Inaugurata a Roma la mostra dell’esordiente Cinthia Pinotti, nella sala Giubileo del Vittoriano. Pinotti è magistrato alla Corte dei Conti e docente di diritto alla Lateranense, ma coltiva da sempre la sua intima vena artistica, anche se solo oggi apre il suo diario personale al grande pubblico. Donna moderna, madre, affermata professionista, usa l’arte come mezzo espressivo per completarsi rendendo solo apparente il contrasto tra la “razionalità” chiesta dalla sua carriera professionale e un’espressione pittorica che si manifesta istintiva e primordiale.
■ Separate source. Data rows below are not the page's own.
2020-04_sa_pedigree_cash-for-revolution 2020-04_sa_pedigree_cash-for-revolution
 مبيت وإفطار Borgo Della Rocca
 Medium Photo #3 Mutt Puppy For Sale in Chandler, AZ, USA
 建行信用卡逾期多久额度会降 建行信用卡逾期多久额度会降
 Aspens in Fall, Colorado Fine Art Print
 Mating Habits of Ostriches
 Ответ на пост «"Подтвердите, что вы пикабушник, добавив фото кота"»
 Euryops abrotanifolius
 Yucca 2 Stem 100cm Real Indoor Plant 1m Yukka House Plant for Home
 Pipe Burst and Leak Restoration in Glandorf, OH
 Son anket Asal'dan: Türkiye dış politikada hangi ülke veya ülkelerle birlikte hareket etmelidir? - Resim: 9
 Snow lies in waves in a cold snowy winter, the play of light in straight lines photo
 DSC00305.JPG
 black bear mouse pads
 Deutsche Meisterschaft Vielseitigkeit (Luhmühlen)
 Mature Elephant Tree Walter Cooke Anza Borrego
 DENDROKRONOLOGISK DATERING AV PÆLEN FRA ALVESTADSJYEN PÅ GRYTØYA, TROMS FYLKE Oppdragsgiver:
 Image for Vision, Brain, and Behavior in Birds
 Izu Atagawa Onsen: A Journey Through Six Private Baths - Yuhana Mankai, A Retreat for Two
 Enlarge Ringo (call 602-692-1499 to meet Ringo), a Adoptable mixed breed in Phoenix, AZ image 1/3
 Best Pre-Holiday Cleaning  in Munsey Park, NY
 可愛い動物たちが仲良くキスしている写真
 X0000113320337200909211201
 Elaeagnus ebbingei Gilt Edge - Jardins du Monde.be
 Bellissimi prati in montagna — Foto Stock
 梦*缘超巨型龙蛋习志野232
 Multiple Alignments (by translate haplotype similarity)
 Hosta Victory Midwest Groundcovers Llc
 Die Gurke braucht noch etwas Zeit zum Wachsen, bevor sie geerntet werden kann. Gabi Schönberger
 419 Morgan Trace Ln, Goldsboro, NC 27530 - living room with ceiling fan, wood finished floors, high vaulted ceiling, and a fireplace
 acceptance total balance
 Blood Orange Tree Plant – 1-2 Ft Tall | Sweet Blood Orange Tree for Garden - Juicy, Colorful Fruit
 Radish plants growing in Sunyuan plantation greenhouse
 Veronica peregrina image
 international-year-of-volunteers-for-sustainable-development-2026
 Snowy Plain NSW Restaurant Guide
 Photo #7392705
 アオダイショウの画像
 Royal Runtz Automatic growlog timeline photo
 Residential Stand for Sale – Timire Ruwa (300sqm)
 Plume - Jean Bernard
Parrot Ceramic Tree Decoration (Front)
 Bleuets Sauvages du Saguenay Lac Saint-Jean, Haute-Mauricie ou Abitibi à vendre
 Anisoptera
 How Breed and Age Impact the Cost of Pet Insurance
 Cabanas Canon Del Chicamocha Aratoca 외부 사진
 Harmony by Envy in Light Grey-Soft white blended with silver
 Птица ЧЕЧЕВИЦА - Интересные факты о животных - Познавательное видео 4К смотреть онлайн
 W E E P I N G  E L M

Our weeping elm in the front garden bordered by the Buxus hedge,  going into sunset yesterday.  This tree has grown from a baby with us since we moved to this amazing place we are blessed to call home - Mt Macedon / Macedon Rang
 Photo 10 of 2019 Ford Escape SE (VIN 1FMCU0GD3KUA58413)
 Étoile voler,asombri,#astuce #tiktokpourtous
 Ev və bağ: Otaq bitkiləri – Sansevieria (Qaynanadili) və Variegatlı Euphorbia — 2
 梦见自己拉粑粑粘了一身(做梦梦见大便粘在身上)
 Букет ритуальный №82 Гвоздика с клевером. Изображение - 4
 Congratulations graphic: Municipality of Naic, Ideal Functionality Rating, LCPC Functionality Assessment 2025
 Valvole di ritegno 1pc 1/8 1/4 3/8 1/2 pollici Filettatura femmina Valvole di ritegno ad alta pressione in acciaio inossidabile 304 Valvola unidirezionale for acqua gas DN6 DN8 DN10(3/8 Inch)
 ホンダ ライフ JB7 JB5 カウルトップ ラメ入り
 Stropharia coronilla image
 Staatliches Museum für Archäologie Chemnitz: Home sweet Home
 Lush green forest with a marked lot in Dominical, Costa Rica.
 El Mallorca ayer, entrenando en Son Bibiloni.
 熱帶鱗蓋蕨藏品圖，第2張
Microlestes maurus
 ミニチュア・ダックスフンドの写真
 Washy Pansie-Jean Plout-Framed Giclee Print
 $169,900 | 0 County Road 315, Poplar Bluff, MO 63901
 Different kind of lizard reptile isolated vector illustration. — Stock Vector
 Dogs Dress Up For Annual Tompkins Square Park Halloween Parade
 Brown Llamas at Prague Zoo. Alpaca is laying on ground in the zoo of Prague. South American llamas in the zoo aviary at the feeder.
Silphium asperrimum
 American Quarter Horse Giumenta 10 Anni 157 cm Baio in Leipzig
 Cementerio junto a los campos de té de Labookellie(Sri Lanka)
In questo modo fa anche una operazione filosofica: mentre continua a riconoscere le differenze tra esseri umani che impongono i ruoli di giudicante e giudicato, afferma la primitiva uguaglianza dell’espressività artistica.

viola tricolor 120 x 30, olio su tela, 2008
Le opere di Cinthia Pinotti raccontano stati d’animo e passioni attraverso un’espressione pittorica definibile come astrattismo espressionista. Attingendo ad un bacino culturale ed emotivo tutto mediterraneo ed impiegando strumenti basilari della comunicazione visiva quali segno e colore, l’autrice trasferisce sulle tele rapide percezioni ed emozioni. I segni sono materici, tracciati con magistrale modulazione della velocità e della pressione; dalla distensione della velatura quasi trasparente si passa alla spessa spatolata ed alla stratificazione di materia cromatica, attraverso un lungo e attento lavoro di esecuzione. I colori usati ricordano la policromia dei nostri paesaggi interiori e naturali, attraverso un uso quasi scientifico degli accostamenti. Si ritrovano composizioni giocate sull’utilizzo dei colori primari e di quelli complementari al fine di accentuare i contrasti e modulare i pesi visivi delle inquadrature.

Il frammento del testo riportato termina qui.